- Reign: 1917 to 1937
- Coronation: 1 February 1917
- Predecessor: Rajagopala Krishna Yachendra
- Successor: Velugoti Sarvagna Krishna
- Born: 15 October 1879
- Died: 1937 (aged 57–58)

Names
- Velugoti Govinda Krishna Yachendra
- Dynasty: Velugoti
- Father: Rajagopala Krishna Yachendra
- Religion: Hinduism

= Govinda Krishna Yachendra =

Indian nobleman and politician

Maharaja Lieut. Sir Velugoti Govinda Krishna Yachendra (1879–1937) was an Indian nobleman. He was the Maharaja of Venkatagiri in Nellore district from 1917 to 1937. He was the 29th Maharaja of Venkatagiri. He belonged to the royal Velugoti Dynasty of the Padmanayaka Velamas.

==Installation as King==
The Installation ceremony occurred on 1 February 1917. It was attended by several distinguished guests, some among them being the chief of Ceylon, the Padikura Mudaliyar, N. D. A. Sibra, Wijaya Singh, J. P. U. P. M. and Lama Etanis Wijaya Singhe, the late Honourable Rajahs of Bobbili, Bhadrachalam and Kalahasti.
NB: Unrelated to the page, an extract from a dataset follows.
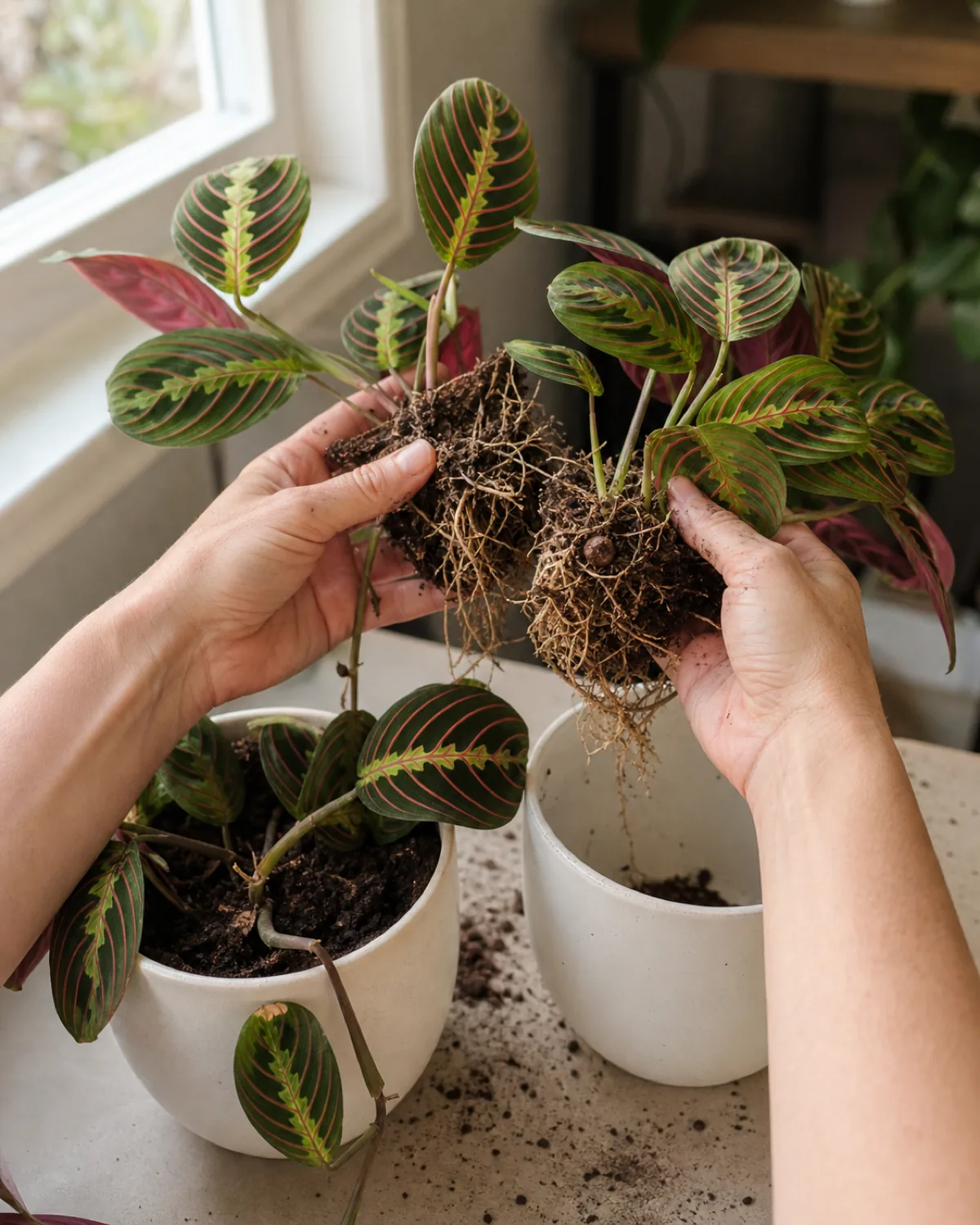 Hands gently separating a prayer plant root ball during division, showing two clumps with trailing stems and healthy white roots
On the 26th of the same month His Excellency Lord Pentland, the then Governor of Madras paid a visit to Venkatagiri, and laid the Foundation Stone of the Gosha Hospital proposed to be built in the name of Her Imperial Majesty Queen Mary to remove the suffering of women. Building was opened by H.E. Lady Willingdon, on 20 November 1922.

The Rajah was honoured with the Second Lieutenancy in the Indian Land Force, and underwent training for more than a year under the Madras Guards. He is the first Indian Rajah who has been enlisted in British Regiment. In 1919 he was transferred to the Prince of Wales's Leinster Regiment (Royal Canadians) which he had subsequently left owing to its disbandment after the Irish Treaty, and has been re-attached to the Madras Guards.

He is married and had 3 sons. He died in 1937.

==Honours==
On the 19th March, 1920, the Rajah was raised to the rank of Honorary Aide-de-Camp to His Excellency the Governor of Madras. He was made a Knight Commander of the Order of the Indian Empire (KCIE) in January 1922.